Having translated the essay into English so that it could gain a wider audience, Clarkson published it in pamphlet-form in 1786 as "An essay on the slavery and commerce of the human species, particularly the African, translated from a Latin Dissertation." It was honoured with the first prize in the University of Cambridge, for the year 1785.[4](It is available online at the Gutenberg Project.)

The essay was influential, resulting in Clarkson's being introduced to many others who were sympathetic to abolition, some of whom had already published and campaigned against slavery. These included influential men such as James Ramsay and Granville Sharp, many Quakers, and other Nonconformists. The movement had been gathering strength for some years, having been founded by Quakers both in Britain and in the United States, with support from other Nonconformists, primarily Methodists and Baptists, on both sides of the Atlantic. In 1783, 300 Quakers, chiefly from the London area, presented Parliament with their signatures on the first petition against the slave trade.

Following this step, a small offshoot group formed the Committee for the Abolition of the Slave Trade, a small non-denominational group that could lobby more successfully by incorporating Anglicans, who sat in Parliament. (Quakers were barred from Parliament until the early nineteenth century, whereas clergy of the Anglican Church had the right to seats in the House of Lords). The twelve founding members included nine Quakers, and three pioneering Anglicans: Granville Sharp, Thomas Clarkson, and William Wilberforce — all evangelical Christians.

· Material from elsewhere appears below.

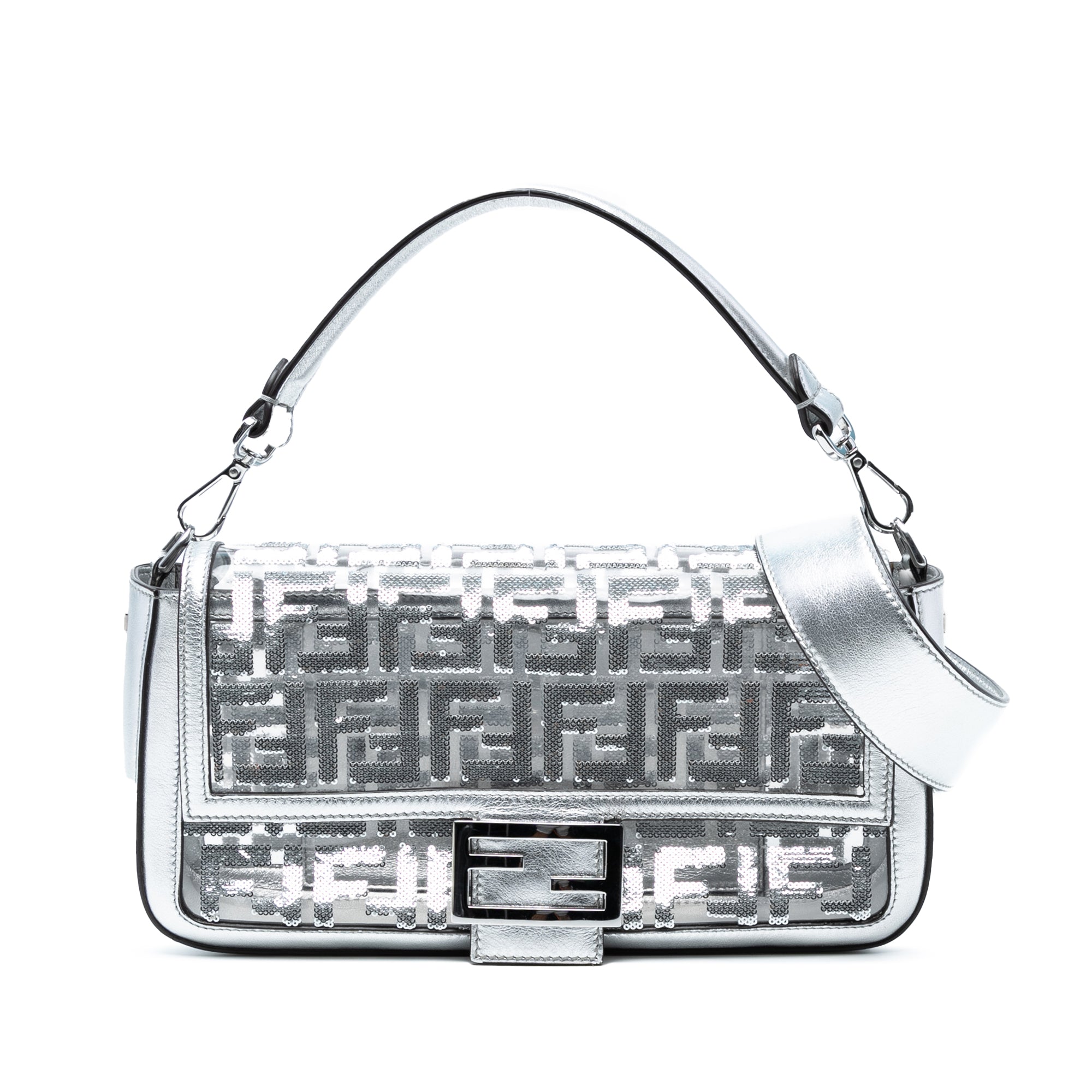 Nicki Minaj Medium Sequined PVC FF 1974 Baguette Satchel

They were sympathetic to the religious revival that had predominantly Nonconformist origins, but which sought wider non-denominational support for a "Great Awakening" amongst believers.

Anti-slavery campaign[edit]

Encouraged by publication of Clarkson's essay, an informal committee was set up between small groups from the petitioning Quakers, Clarkson and others, with the goal of lobbying Members of Parliament (MPs). In May 1787, they formed the Committee for the Abolition of the Slave Trade. The Committee included Granville Sharp as Chairman and Josiah Wedgwood, as well as Clarkson. Clarkson also approached the young William Wilberforce, who as an Anglican and an MP was connected within the British Parliament. Wilberforce was one of few parliamentarians to have had sympathy with the Quaker petition; he had already put a question about the slave trade before the House of Commons, and became known as one of the earliest Anglican abolitionists.

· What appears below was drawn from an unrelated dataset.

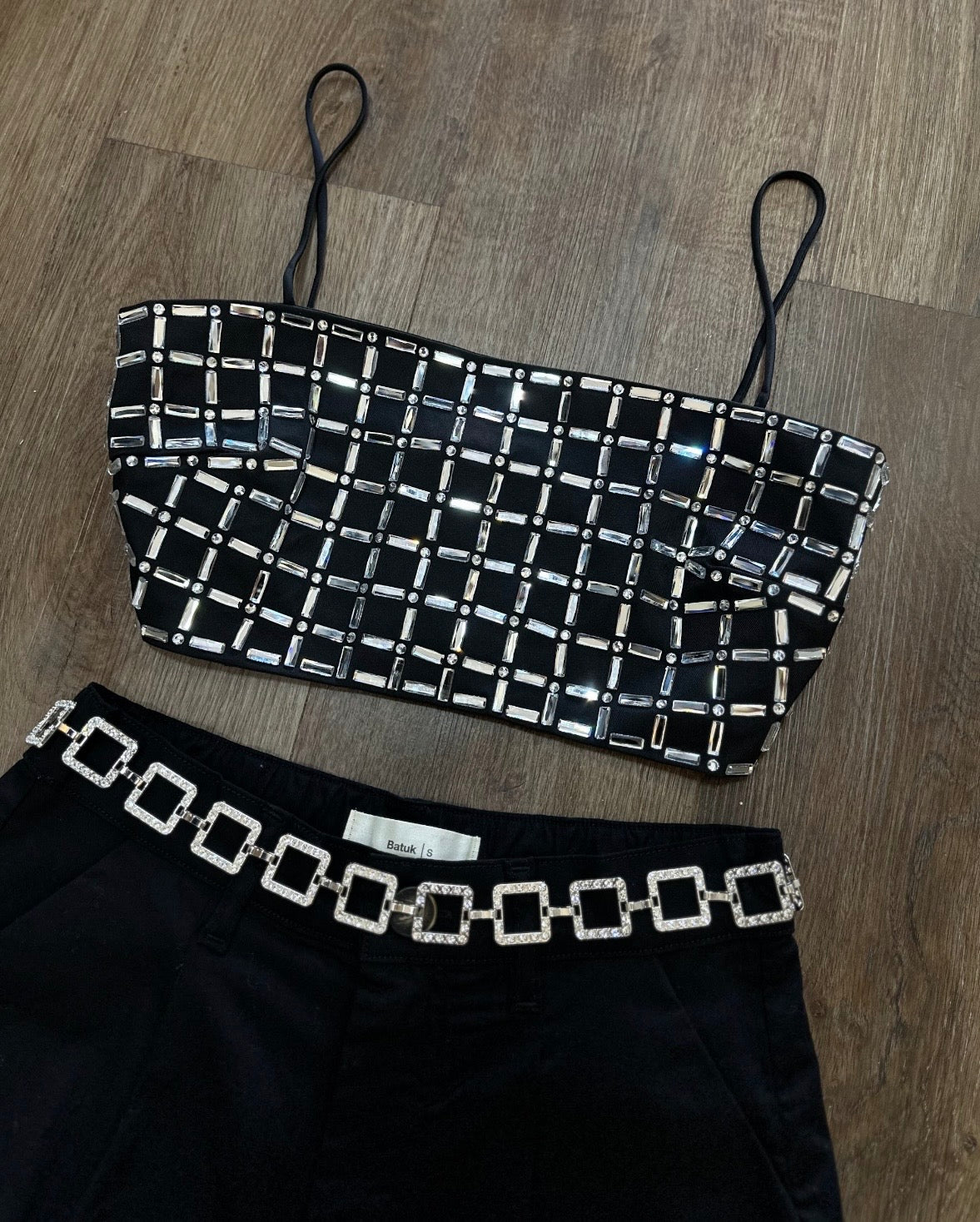 UNICORN TOP NEGRO CON ESTRAS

Clarkson took a leading part in the affairs of the Committee for the Abolition of the Slave Trade, and was tasked to collect evidence to support the abolition of the slave trade. He faced much opposition from supporters of the trade in some of the cities he visited. The slave traders were an influential group because the trade was a legitimate and highly lucrative business, generating prosperity for many of the ports. Liverpool was a major base of slave trading syndicates and home port for their ships. In 1787, Clarkson was attacked and nearly killed when visiting the city, as a gang of sailors was paid to assassinate him. He barely escaped with his life. Elsewhere, however, he gathered support. Clarkson's speech at the collegiate church in Manchester (now Manchester Cathedral) on 28 October 1787 galvanized the anti-slavery campaign in the city. That same year, Clarkson published the pamphlet: "A Summary View of the Slave Trade and of the Probable Consequences of Its Abolition".

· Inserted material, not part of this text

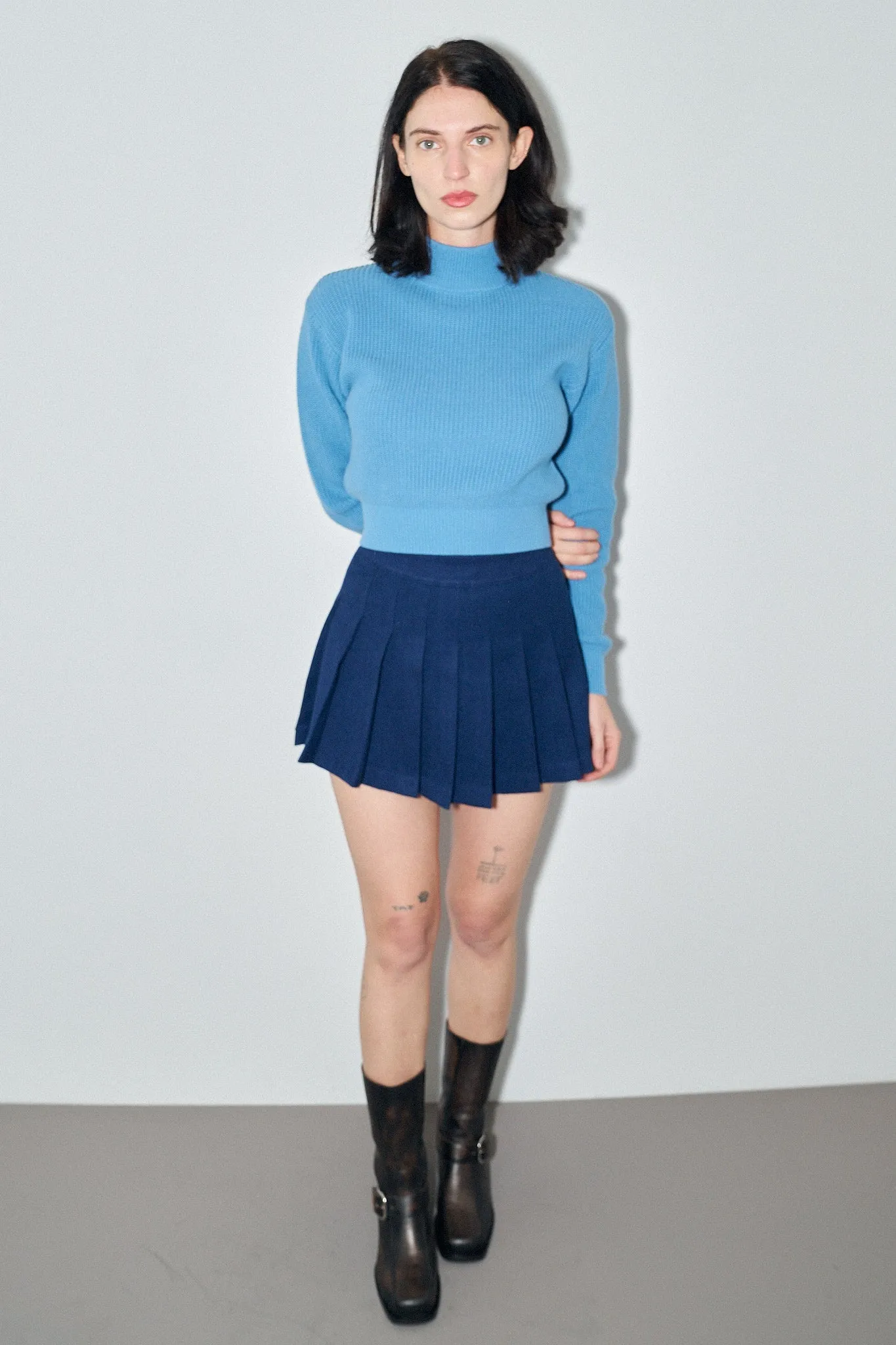 Blue Cotton Turtleneck Sweater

Clarkson was very effective at giving the Committee a high public profile: he spent the next two years traveling around England, promoting the cause and gathering evidence. He interviewed 20,000 sailors during his research. He obtained equipment used on slave-ships, such as iron handcuffs, leg-shackles, and thumbscrews; instruments for forcing open slaves' jaws; and branding irons. He published engravings of the tools in pamphlets and displayed the instruments at public meetings.

Clarkson visited The Seven Stars in Bristol for research.

Clarkson's research took him to English ports such as Bristol, where he received much data from the landlord of the Seven Stars pub. (The building still stands in Thomas Lane.) He also traveled repeatedly to Liverpool and London, collecting vital evidence to support the abolitionist case.[5]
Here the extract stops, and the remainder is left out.